Sadly this isn’t uncommon. It’s hard for many of us to wrap our heads around invisible illness and injury that don’t adhere to a tidy before and after recovery narrative — in the U.S. especially, where linear progress and individualism are highly valorized. 

Meghan O’Rourke touches upon this in her book The Invisible Kingdom: “We are bad at recognizing the suffering of others unless we are given clearcut clues and evidence. And so invisible illnesses often go unacknowledged, while less serious conditions get attention.” 

“Man, you can’t do anything anymore,” the able-bodied friend of another patient, Manny,* once said to him following his injury. The two were on a beach picnic trip, and Manny had been unable to carry the cooler from their car to the picnic spot due to his pain. 

Like Shayna and other patients, Manny has opened up about the hurt of confiding in friends only to be met with dismissive remarks such as these. 

Hearing them both recount these experiences brings up the issue of both personal and systemic invalidation. 

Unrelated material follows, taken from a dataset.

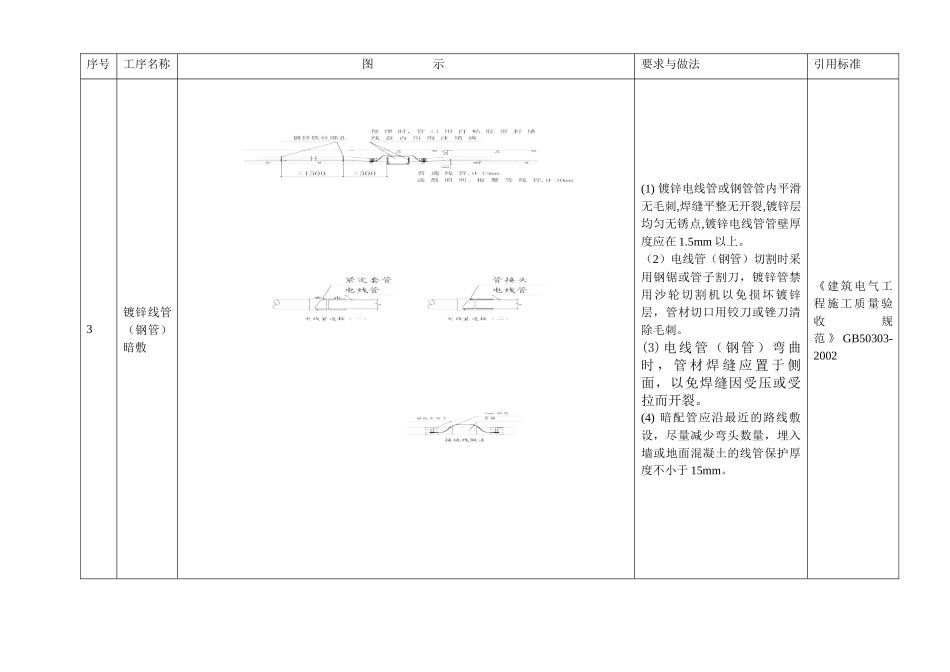 工艺标准(配管接线)1_第3页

It’s hard to interpret when I see doctors invalidating patients in similar ways; luckily, today’s doctor (we’re called in shortly after answering this question in the packet) listens to and validates Shayna. They exchange frequent laughs and smiles. The air inside the room feels lighter and easier to breathe. 

I appreciate doctors like these, who seem to accept the unpredictable and nonlinear trajectory of chronic pain. How the symptoms might leave temporarily only to return with a vengeance. They show understanding that, as Anne Berger put it, “a patient is healed not only by steroids or antibiotics but also by empathy — being made to feel whole, rather than distraught, as she exits doctors’ appointments” — and that healing is as much about listening to patients’ subjective experiences as it is about taking physical measurements and analyzing organs and body parts. 

Patients deserve more of this. I’d like to think these sorts of interactions infuse them with (even just a modicum of) hope — not that their physical pain will resolve entirely, but at least that their predicament hasn’t fallen on deaf ears. Absent a magic cure, a doctor’s kind and supportive attitude can momentarily help at least on some level. 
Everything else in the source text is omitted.